The cartoonist and his Expos

The email was from Megan Walchuk, this newspaper’s editor. Letters from the editor, even emails, sometimes mean the writer did something wrong. This one was different.

Megan’s message was: “An old friend of yours reached out and asked to be connected. I don’t like sending out other people’s e-mails, so I’m sending you his.”

“He” turned out to be Terry Mosher. I knew of him, but didn’t know him. We travelled in some of the same circles when I covered baseball for The Montreal Star, but had never met. His circles included drugs and mine, thank goodness, did not. (His drug use is not a revelation; it’s something he talks and writes about freely.)

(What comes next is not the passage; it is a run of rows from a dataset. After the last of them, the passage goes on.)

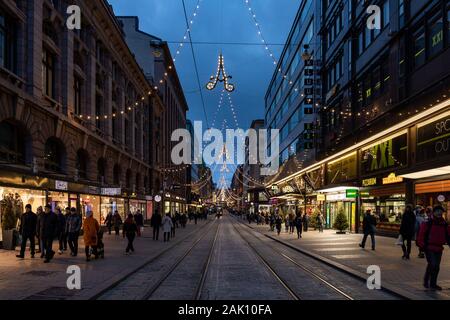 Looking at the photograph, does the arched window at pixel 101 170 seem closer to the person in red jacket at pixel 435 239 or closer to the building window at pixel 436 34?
the building window at pixel 436 34

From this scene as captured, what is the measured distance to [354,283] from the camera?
44.3 ft

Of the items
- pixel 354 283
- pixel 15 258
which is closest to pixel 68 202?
pixel 15 258

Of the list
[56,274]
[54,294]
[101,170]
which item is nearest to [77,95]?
[101,170]

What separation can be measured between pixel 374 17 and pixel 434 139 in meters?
12.8

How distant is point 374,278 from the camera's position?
532 inches

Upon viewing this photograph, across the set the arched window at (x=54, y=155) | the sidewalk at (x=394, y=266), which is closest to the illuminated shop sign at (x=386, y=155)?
the sidewalk at (x=394, y=266)

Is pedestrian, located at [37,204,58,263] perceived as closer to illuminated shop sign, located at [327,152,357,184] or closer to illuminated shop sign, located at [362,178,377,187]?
illuminated shop sign, located at [362,178,377,187]

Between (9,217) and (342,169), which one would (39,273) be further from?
(342,169)

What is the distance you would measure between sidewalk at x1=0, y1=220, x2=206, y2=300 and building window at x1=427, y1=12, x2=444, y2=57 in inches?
637

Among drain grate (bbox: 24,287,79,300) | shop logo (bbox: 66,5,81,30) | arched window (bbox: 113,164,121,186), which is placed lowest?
drain grate (bbox: 24,287,79,300)

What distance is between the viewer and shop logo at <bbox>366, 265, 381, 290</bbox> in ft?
41.3

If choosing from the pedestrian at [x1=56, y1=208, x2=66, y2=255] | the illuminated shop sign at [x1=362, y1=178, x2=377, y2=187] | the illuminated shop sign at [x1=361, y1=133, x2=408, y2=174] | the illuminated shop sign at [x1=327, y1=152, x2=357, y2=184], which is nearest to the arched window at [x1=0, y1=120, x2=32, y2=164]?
the pedestrian at [x1=56, y1=208, x2=66, y2=255]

Let me tell you about Terry Mosher.

He is known as Aislin. So is his daughter, because that’s her name…with two n’s. Aislin is her dad’s nom-de-plume, the name he made famous (or vice-versa) as a cartoonist for two newspapers — primarily The Gazette — that loved to have him skewer politicians. But skewering became the least of his many talents.

He has been a book author — 56 times. He is an Officer of the Order of Canada. He never graduated from high school (having forged his diploma) but has doctorates from universities. In Montreal, he is a newspaper legend. His gifts go far beyond drawing, and he is a highly-respected fan of sports, especially baseball.


Why am telling his story?

Sometime this month, Mosher will launch his 57th book — Aislin’s Montreal Expos, A Cartoonist’s Love Affair. The reason he wanted to find me was to pick my brain from the years I covered the Expos. Since I know picking my brain only takes three minutes, I said sure. Then he asked if I would mind “having a look” at the section about the Expos of the ’70s. Of course.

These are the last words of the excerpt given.